Data provided below:

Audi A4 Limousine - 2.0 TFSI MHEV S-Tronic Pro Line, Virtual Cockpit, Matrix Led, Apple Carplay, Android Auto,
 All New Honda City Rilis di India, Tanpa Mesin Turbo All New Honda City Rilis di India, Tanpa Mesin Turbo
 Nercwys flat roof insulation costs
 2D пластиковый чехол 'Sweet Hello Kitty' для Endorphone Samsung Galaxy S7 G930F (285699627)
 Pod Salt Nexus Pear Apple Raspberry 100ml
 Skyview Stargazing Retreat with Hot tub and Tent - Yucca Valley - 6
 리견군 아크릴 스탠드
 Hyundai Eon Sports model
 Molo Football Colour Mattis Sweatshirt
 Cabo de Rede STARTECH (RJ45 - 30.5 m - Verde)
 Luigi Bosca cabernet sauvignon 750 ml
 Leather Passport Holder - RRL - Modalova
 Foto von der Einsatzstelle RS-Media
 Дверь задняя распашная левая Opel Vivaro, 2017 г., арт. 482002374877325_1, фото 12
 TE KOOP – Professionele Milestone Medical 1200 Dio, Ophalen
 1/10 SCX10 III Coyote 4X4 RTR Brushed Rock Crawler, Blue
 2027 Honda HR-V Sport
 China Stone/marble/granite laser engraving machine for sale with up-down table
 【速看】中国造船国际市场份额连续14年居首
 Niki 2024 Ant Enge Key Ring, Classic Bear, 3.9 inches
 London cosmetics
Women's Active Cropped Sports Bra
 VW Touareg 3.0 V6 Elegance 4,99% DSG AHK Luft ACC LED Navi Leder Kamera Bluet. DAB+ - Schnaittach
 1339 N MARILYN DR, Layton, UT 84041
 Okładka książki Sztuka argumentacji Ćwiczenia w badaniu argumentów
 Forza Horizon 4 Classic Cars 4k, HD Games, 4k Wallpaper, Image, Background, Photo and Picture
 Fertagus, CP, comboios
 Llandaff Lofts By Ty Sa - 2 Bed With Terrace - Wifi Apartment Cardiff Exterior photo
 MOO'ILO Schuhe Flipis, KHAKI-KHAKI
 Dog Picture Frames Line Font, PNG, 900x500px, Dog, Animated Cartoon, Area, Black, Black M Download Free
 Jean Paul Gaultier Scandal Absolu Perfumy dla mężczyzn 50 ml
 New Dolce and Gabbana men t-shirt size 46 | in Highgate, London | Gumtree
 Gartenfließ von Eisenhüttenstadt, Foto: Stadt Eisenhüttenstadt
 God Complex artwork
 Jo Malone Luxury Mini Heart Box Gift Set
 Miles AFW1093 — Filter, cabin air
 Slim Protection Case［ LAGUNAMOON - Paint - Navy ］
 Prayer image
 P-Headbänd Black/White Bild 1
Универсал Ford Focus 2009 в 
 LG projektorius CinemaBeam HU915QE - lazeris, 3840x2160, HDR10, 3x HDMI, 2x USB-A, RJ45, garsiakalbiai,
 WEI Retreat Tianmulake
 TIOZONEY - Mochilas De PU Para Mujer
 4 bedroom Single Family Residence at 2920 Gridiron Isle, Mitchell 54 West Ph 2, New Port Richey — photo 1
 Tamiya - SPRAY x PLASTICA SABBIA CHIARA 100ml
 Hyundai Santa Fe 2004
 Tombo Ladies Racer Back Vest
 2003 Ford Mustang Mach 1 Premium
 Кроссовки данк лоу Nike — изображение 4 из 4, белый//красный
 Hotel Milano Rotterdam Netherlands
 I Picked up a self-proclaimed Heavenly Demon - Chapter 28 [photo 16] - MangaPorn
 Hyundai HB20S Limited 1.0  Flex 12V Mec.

End of Data provided.

What the exercise asks
When a line in the data holds the word "Foto", show that line.

Exercise result
 Foto von der Einsatzstelle RS-Media
 Gartenfließ von Eisenhüttenstadt, Foto: Stadt Eisenhüttenstadt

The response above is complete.